### Source material
************
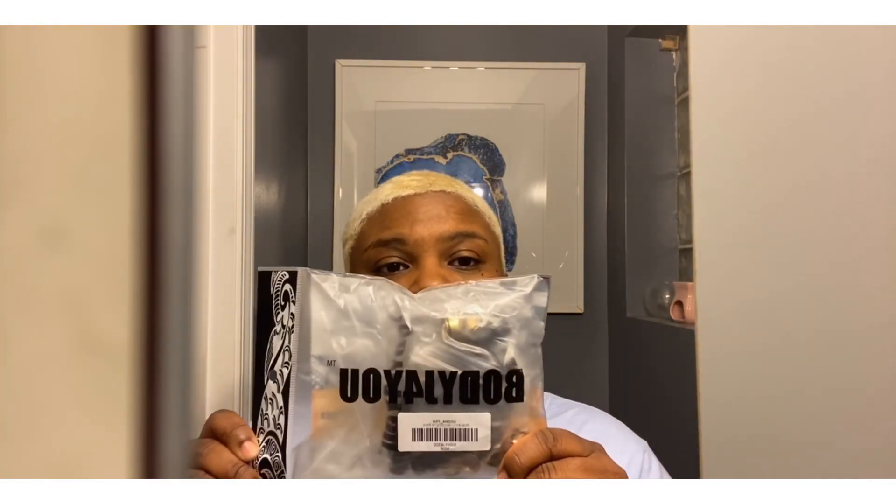I purchased my new kit through Amazon about three days ago from Body J for You. The first kit I got was also from Body J for You. This first one was the 14 gauge through double zero kit, and this new one is a double zero gauge to 20 millimeter kit, so we're just gonna get right into it.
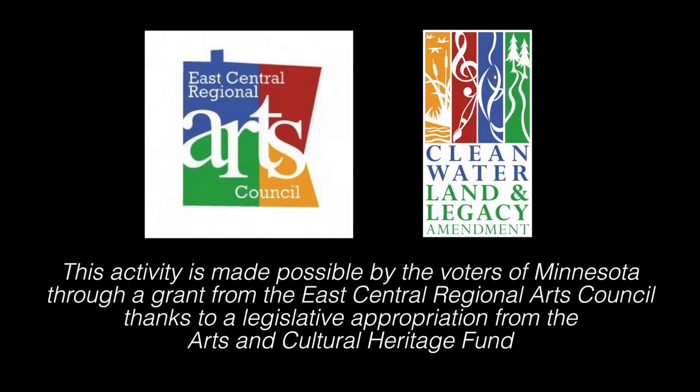This activity is made possible by the voters of Minnesota through a grant from the East Central Regional Arts Council, thanks to a legislative appropriation from the Arts and Cultural Heritage Fund.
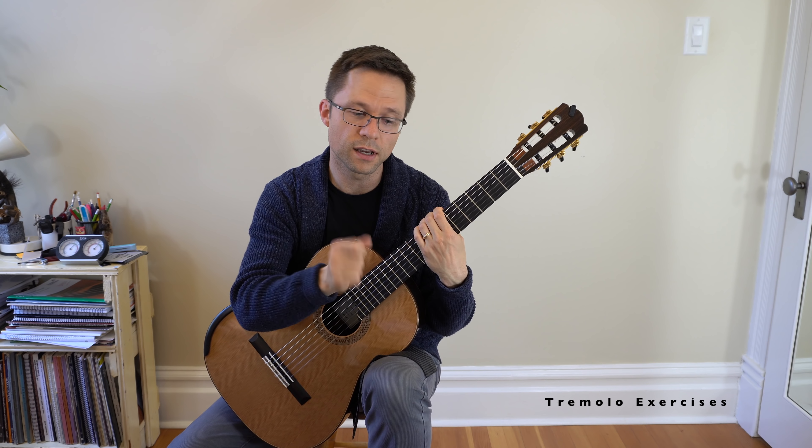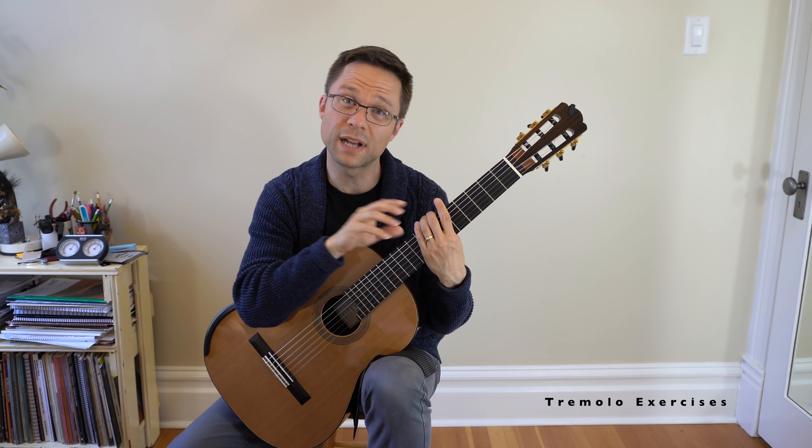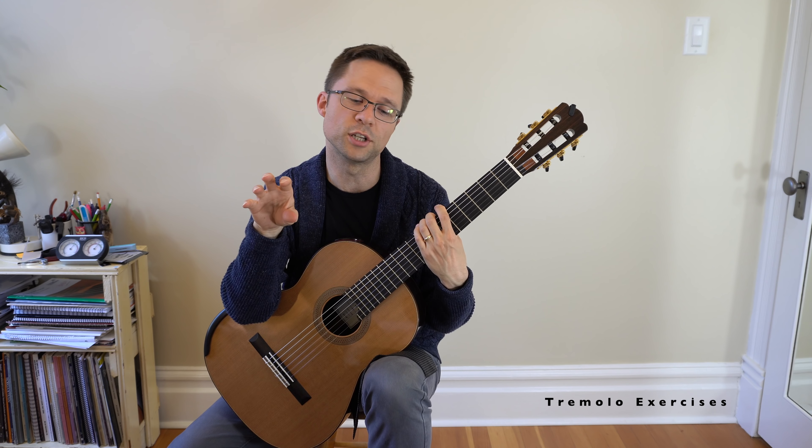Tremolo is another one on my list. The tremolo exercises are very important, and I would put those under arpeggios. There are some tremolo exercises in the Giuliani arpeggios, but some dedicated tremolo practice is not a bad idea, especially at this level. You're going to start playing tremolo pieces soon, so it's worth practicing now so that you're good at it before you start a tremolo piece. Preparing your technique before you actually play a piece with that technique will save you so much heartache.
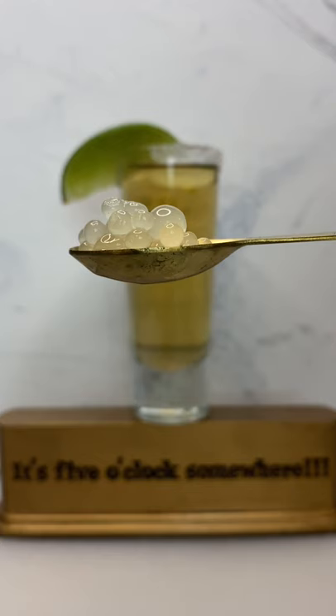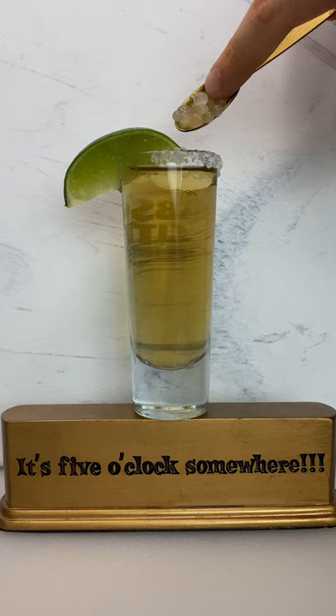These pearls were the perfect chaser. Mmm, so good.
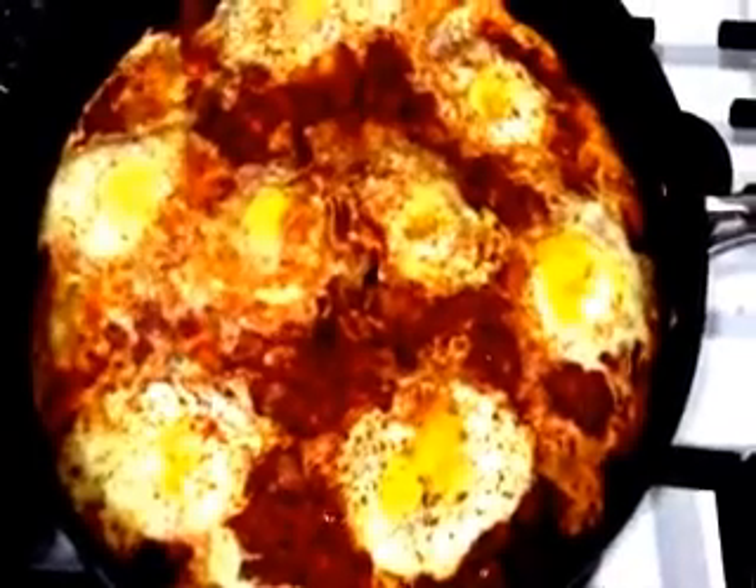It looks like it's ready. I'm going to remove the cap. And we have a shakshuka ready — all made.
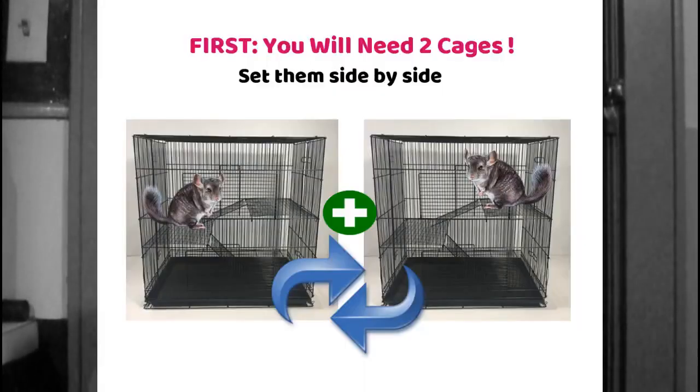Every few days, when you clean the cage, make sure you leave a little bit of their scent behind — maybe all their toys, their houses — leave all that stuff behind, and just swap the chinchilla into each of their cages. That gives them a chance to get to know each other, get used to each other's scent, and get more used to each other being in their presence.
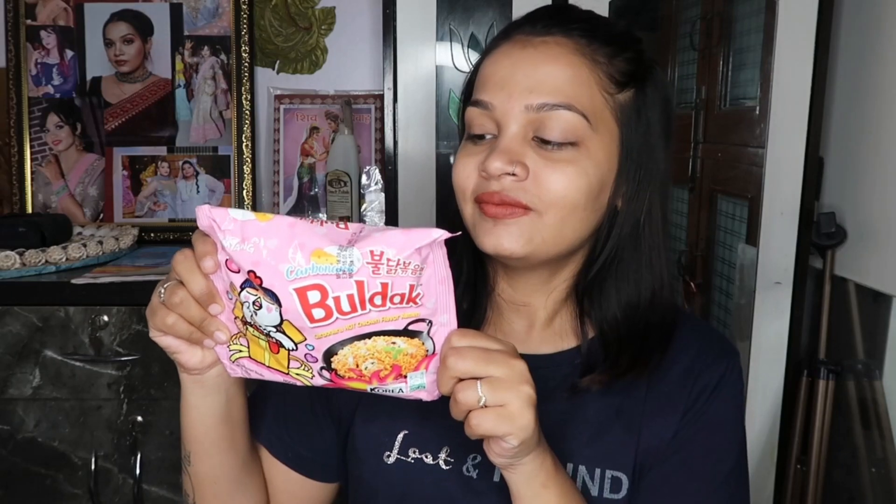I've seen so many ramen noodles videos on YouTube, and so many people have talked about these noodles. So I thought, why don't I try it? I've never tried Bulldog flavor before — this is the first time. And the other is Nissin noodles, which is my all-time favorite.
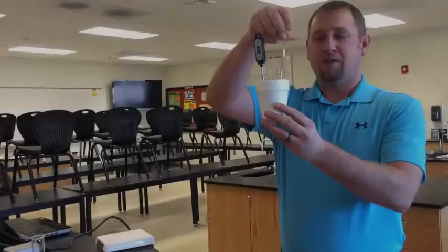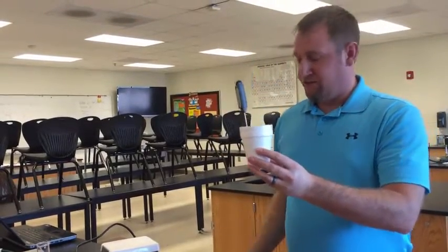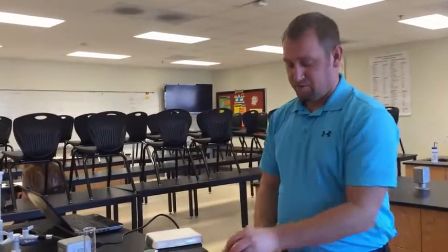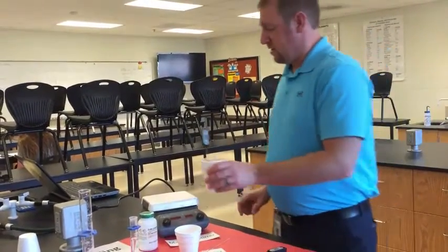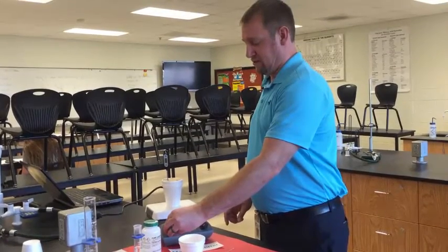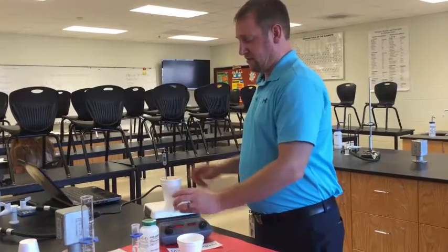Now, there is an alternative method to stirring your calorimeter rather than the old-fashioned stir stick, which we just demonstrated. You can start over using a technique you've learned before: take the magnetic stirrer, put it into the solution, reattach the cardboard top, and add the thermometer — this will stir the solution. You may have to turn it up a few RPMs because it does have to go through two layers of foam.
************
### Directions for this task
Return word for word the lines of the listing above, starting at the line with "It looks like" and ending at the line with "Every few days, when", both included. Pictures do not belong in the copy.

### Solution for this problem
It looks like it's ready. I'm going to remove the cap. And we have a shakshuka ready — all made.
Every few days, when you clean the cage, make sure you leave a little bit of their scent behind — maybe all their toys, their houses — leave all that stuff behind, and just swap the chinchilla into each of their cages. That gives them a chance to get to know each other, get used to each other's scent, and get more used to each other being in their presence.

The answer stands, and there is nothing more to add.